THIS STORY HAS BEEN FORMATTED FOR EASY PRINTING
Rebecca Haag

Answering the wake-up call on HIV, AIDS

Email|Print|Single Page| Text size + By Rebecca Haag
August 10, 2008

LATE LAST month, George W. Bush signed into law an extension of the President's Emergency Plan for AIDS Relief - a bill that committed $48 billion to the global initiative. This is a major success story for Bush. US efforts have clearly resulted in better access to care and treatment around the world; so far under the program, 1.4 million people have received life-saving drugs, over 6.6 million received care and services, and the establishment of critical prevention programs headed off an estimated 157,000 infant HIV infections.

Despite this commitment abroad, though, the federal government is missing opportunities to protect its own citizens against a deadly and serious threat.

Last weekend, the Centers for Disease Control and Prevention announced that the number of annual new HIV cases in the United States is 40 percent higher than previously reported. This was not news for AIDS experts and those living with HIV. Reports from around the country over the last year indicated that the CDC has long underestimated the impact of the epidemic in the United States.

Part of the problem is that the planning and coordination that US officials demand of other countries is not occurring in the United States.

Internationally, there was an agreement at the United Nations conference on AIDS in 2001 that all countries would create national plans that coordinated services and set specific health outcomes with timelines. In that spirit, the United States establishes bilateral agreements with key recipients of US funding - that is, those countries with the worst epidemics. They are required to draft national plans and regular progress reports against established outcomes.

In 2002, for example, Botswana committed to providing free HIV treatment to all citizens who need it, and the country's progress toward that goal has been measured systematically - not just reported anecdotally. And by 2007, more than 90 percent of those who needed treatment were receiving it.

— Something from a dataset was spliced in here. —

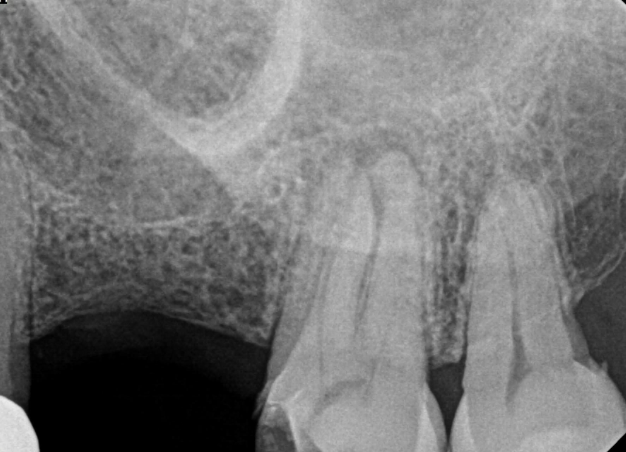 <p>What can obscure PA lesions causing difficulty to see PDL and lamina dura?</p>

But the United States does not have such a plan to address its own epidemic.

The federal government's approach to problems has been to create new programs. Officials rarely take the time to determine whether a program fits within an overarching strategy or addresses gaps in current programs. The country is left with a Byzantine maze of programming the ends up being less than the sum of its parts. Currently the federal government lists 30 HIV/AIDS programs in six different government departments and over 20 agencies. There is no coordinated strategy. And there is no clear, standard measure of how effective a given program or intervention might be.

In the absence of such measures, ideology creeps in. If data led the way, abstinence-only prevention programs, which studies show are ineffective, would not siphon off precious resources. And the federal government would establish a syringe access program, because similar efforts by states have proved effective in preventing infections.

The lack of planning has serious consequences. Previous studies have documented that 50 percent of those infected with HIV in the United States are not in medical care, and 25 percent of those living with HIV are not aware of their status. Between 2001 and 2006, New York City reported a 33 percent increase in the number of new diagnoses among gay men under 30. In locales where HIV among black Americans is heavily concentrated - urban centers and the Deep South - infection levels among blacks approach those reported in the most heavily affected countries in Africa. The top cause of death for African-American women ages 25-34 is AIDS. In our nation's capital, one of every 20 residents is reported to be HIV-positive.

The CDC's report is a wake-up call. The next president must focus attention on the crisis at home. Not only do we need a commitment to prevention programs, a significant increase in funding for care and treatment, better access to testing and counseling, and a way to address racial disparities, but we also need a national AIDS strategy that establishes specific and measurable outcomes, timetables, and accountabilities.

We know what causes AIDS; we know how it is spread; we have the tools to prevent it. The United States should lead the way toward ending this epidemic across the globe.

Rebecca Haag is president and CEO of the AIDS Action Committee of Massachusetts and executive director of the AIDS Action Council in Washington.